The fuselage of an aircraft is one of the most critical parts of the entirety of the plane, allowing for passengers, crew, cargo, and other equipment to be held safely during flight operations. The fuselage plays many roles, containing the cockpit, acting as a center of gravity, and may even house engines that provide power for aircraft systems and flight. Depending on the aircraft and its operations, the fuselage of the aircraft may differ. Throughout history, various designs and structures of the fuselage have come about, each using different materials and framing to achieve similar abilities. In this article, we will discuss the main types of fuselage designs that are present on aircraft.
The truss, or framework type, is an aircraft fuselage design that is denoted by box structures that are formed using beams. These beams may be created utilizing wood covered with hardwood, welded steel tubing, or light gauge steel tubes. Across aircraft types, the truss aircraft frame design is most prevalent in lightweight aircraft, typically using welded steel tubing. In its early uses, truss structures were created in rectangular shapes, and trusses were enclosed within cloth fabrics to remain lightweight. As this design continued to improve, cloth was replaced with aluminum, and soon the outer skin proved to provide much of the same support for flight loads. The development of such outer skin that could support loads is what led to monocoque and semi-monocoque construction.
Monocoque construction refers to the types of fuselage that feature stressed skin capable of supporting almost the entirety of the aircraft. In its early development, monocoque construction consisted of molded plywood, laminated into a three dimensional shape, or shell. This process was carried over from boat hull design, using a structure as a whole rather than for its individual components. During the early 1900’s, metal monocoque fuselages began to be introduced and aluminum fuselages became the standard during the mid 1930’s. The main benefit of monocoque construction for aircraft fuselages is the great reduction of weight, forgoing internal bracing for the stress carrying outer skin. While this greatly reduces the need for a heavy framework, it does cause a loss in structural integrity due to possible surface deformation. Much like a beverage can, the entirety of the structural stress is taken onto the outer skin. If there is a bent caused to the outer structure, the entirety may collapse. Because of this, the greatest problem faced with monocoque constructions is balancing weight with the amount of strength needed for structural integrity.
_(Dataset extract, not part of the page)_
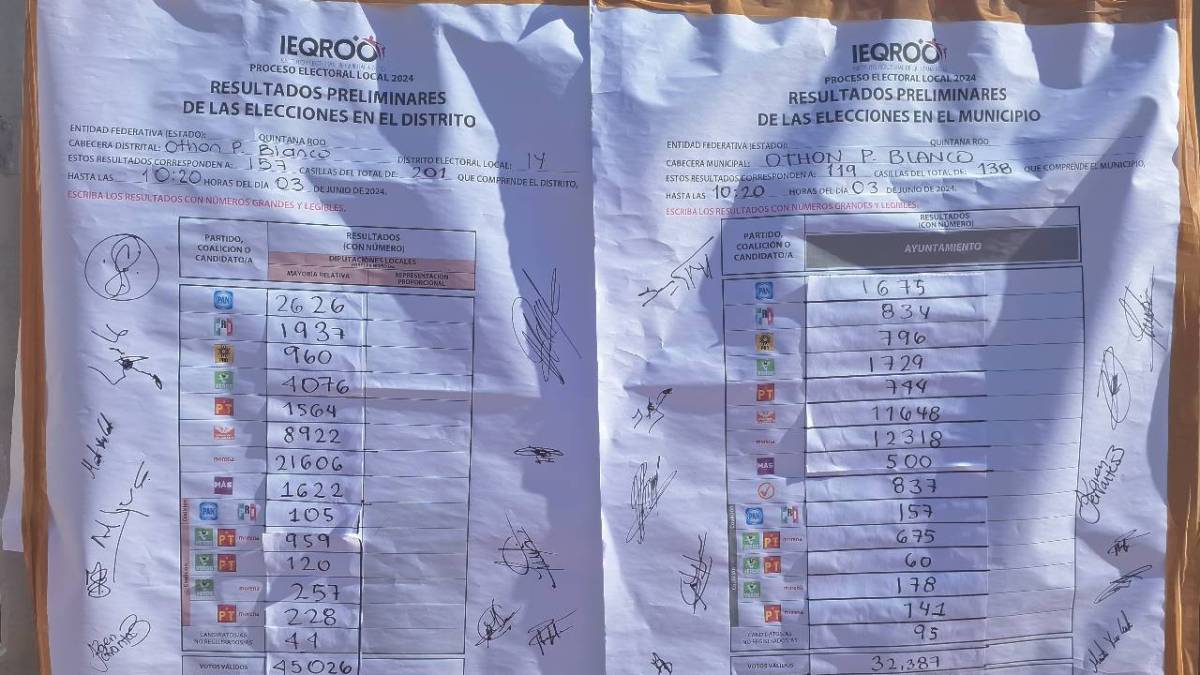 Eleccion-en-Othon-P.-Blanco-concluira-con-el-voto-por-voto_-Ieqroo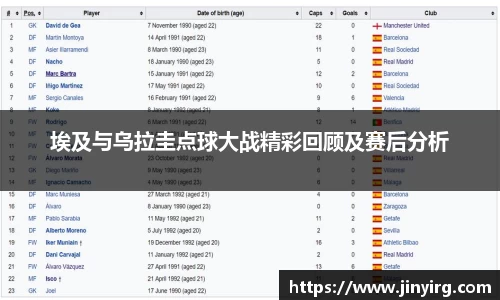 埃及与乌拉圭点球大战精彩回顾及赛后分析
As a way to solve this problem, the semi-monocoque design implements reinforced skin that is achieved with the use of longerons and stringers. Longerons and stringers are components that are lightweight, attaching to the frame longitudinally and providing much more structural support to accommodate the bending stresses that occur in the fuselage. The longerons of the fuselage are typically constructed from aluminium alloy and will stretch across multiple frames. Stringers, on the other hand, are lighter than the longerons and greater in number, and they may be manufactured from aluminum alloy or formed aluminum. The fuselage itself also is typically aluminum, and still takes on much of the stress of operation as it would in a monocoque construction. The difference is, however, that the outer skin, longerons, stringers, and other fuselage structures & components all work together to provide ample support for the aircraft fuselage. By distributing stresses and loads across numerous structures and components, the fuselage becomes much stronger as a whole as no single part risks critical failure. Currently, the semi-monocoque design proves to be widely utilized for the fuselages of all aluminum aircraft. Many metal light aircraft also adopt this construction method for their fuselages.
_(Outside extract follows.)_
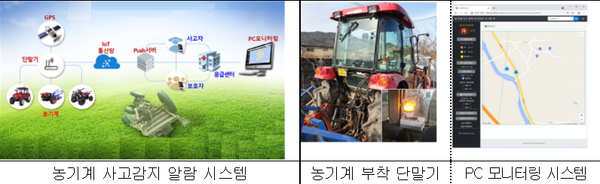 주요 개발 기술 / 사진제공=농촌진흥청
Composite construction for fuselages may be considered a somewhat new practice, though its history began in the late 1950’s following World War II. During this time, sailplane construction started to use fiberglass for the main fuselage structures. In 1965, the Federal Aviation Administration made the first approval on an all fiberglass aircraft under the normal category. Over the years, leading into the early 2000’s, more aircraft began to adopt composite materials. Composite materials include Kevlar, fiberglass, carbon fiber cloth, and other similar materials that allow for smooth, lightweight skins that can take on complex designs much easier than aluminum. Composite construction proves to be cost efficient and provides a good strength to weight ratio. Their disadvantages, however, lay in their low conduction abilities for lightning protection, lack of visual damage for easy spotting, and other factors.
One of the major considerations that is taken into account when deciding which type of fuselage is best for a particular aircraft is pressure. Pressurization of aircraft has become a standard for the safety of all passengers and crew members. As pressurization begins during liftoff and the pressure difference between the inside and the outside of the aircraft increases alongside altitude, the structure of the aircraft needs to maintain structural integrity. The differences in pressure often exerts a great amount of stress on the fuselage, and a cycle of exertion and relaxing of pressure through each flight can begin to wear on the body. Because of this, virtually all aircraft that are pressurized choose to adopt the semi-monocoque fuselage due to its ability to bear such stress loads. As the aircraft continues to operate, the fuselage and correlating structures may be periodically inspected and maintained to ensure that there is no damage or weakness that is detected. If a weakness is found, the fuselage of the aircraft may be modified or re-engineered.